ABOUT THIS TASK: All of the entries are to be returned word for word.
====== DATASET EXTRACT
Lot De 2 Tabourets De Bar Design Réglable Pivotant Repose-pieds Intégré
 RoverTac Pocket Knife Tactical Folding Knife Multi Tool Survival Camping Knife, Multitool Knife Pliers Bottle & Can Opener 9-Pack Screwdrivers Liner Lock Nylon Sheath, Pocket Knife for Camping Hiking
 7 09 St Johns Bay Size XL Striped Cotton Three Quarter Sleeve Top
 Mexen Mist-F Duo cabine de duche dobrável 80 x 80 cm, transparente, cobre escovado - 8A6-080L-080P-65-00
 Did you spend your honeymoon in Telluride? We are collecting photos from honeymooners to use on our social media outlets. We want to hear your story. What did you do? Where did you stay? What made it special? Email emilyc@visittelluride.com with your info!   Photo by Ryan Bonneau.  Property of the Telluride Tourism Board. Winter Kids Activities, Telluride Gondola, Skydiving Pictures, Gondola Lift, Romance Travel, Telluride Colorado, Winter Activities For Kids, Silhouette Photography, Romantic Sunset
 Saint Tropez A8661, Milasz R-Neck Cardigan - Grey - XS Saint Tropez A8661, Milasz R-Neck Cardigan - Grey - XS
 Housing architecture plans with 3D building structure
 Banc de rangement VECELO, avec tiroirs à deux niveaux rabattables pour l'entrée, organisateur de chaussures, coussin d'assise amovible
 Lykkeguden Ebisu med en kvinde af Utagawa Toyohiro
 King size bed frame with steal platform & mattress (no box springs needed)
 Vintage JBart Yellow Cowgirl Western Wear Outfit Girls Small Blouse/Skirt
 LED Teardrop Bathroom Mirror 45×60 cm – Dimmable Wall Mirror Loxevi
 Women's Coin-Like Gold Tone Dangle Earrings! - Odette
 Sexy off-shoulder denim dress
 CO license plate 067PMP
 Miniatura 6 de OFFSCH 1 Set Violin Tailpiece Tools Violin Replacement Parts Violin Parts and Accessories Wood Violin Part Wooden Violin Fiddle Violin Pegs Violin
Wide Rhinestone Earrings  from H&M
============
ANSWER:
Lot De 2 Tabourets De Bar Design Réglable Pivotant Repose-pieds Intégré
 RoverTac Pocket Knife Tactical Folding Knife Multi Tool Survival Camping Knife, Multitool Knife Pliers Bottle & Can Opener 9-Pack Screwdrivers Liner Lock Nylon Sheath, Pocket Knife for Camping Hiking
 7 09 St Johns Bay Size XL Striped Cotton Three Quarter Sleeve Top
 Mexen Mist-F Duo cabine de duche dobrável 80 x 80 cm, transparente, cobre escovado - 8A6-080L-080P-65-00
 Did you spend your honeymoon in Telluride? We are collecting photos from honeymooners to use on our social media outlets. We want to hear your story. What did you do? Where did you stay? What made it special? Email emilyc@visittelluride.com with your info!   Photo by Ryan Bonneau.  Property of the Telluride Tourism Board. Winter Kids Activities, Telluride Gondola, Skydiving Pictures, Gondola Lift, Romance Travel, Telluride Colorado, Winter Activities For Kids, Silhouette Photography, Romantic Sunset
 Saint Tropez A8661, Milasz R-Neck Cardigan - Grey - XS Saint Tropez A8661, Milasz R-Neck Cardigan - Grey - XS
 Housing architecture plans with 3D building structure
 Banc de rangement VECELO, avec tiroirs à deux niveaux rabattables pour l'entrée, organisateur de chaussures, coussin d'assise amovible
 Lykkeguden Ebisu med en kvinde af Utagawa Toyohiro
 King size bed frame with steal platform & mattress (no box springs needed)
 Vintage JBart Yellow Cowgirl Western Wear Outfit Girls Small Blouse/Skirt
 LED Teardrop Bathroom Mirror 45×60 cm – Dimmable Wall Mirror Loxevi
 Women's Coin-Like Gold Tone Dangle Earrings! - Odette
 Sexy off-shoulder denim dress
 CO license plate 067PMP
 Miniatura 6 de OFFSCH 1 Set Violin Tailpiece Tools Violin Replacement Parts Violin Parts and Accessories Wood Violin Part Wooden Violin Fiddle Violin Pegs Violin
Wide Rhinestone Earrings  from H&M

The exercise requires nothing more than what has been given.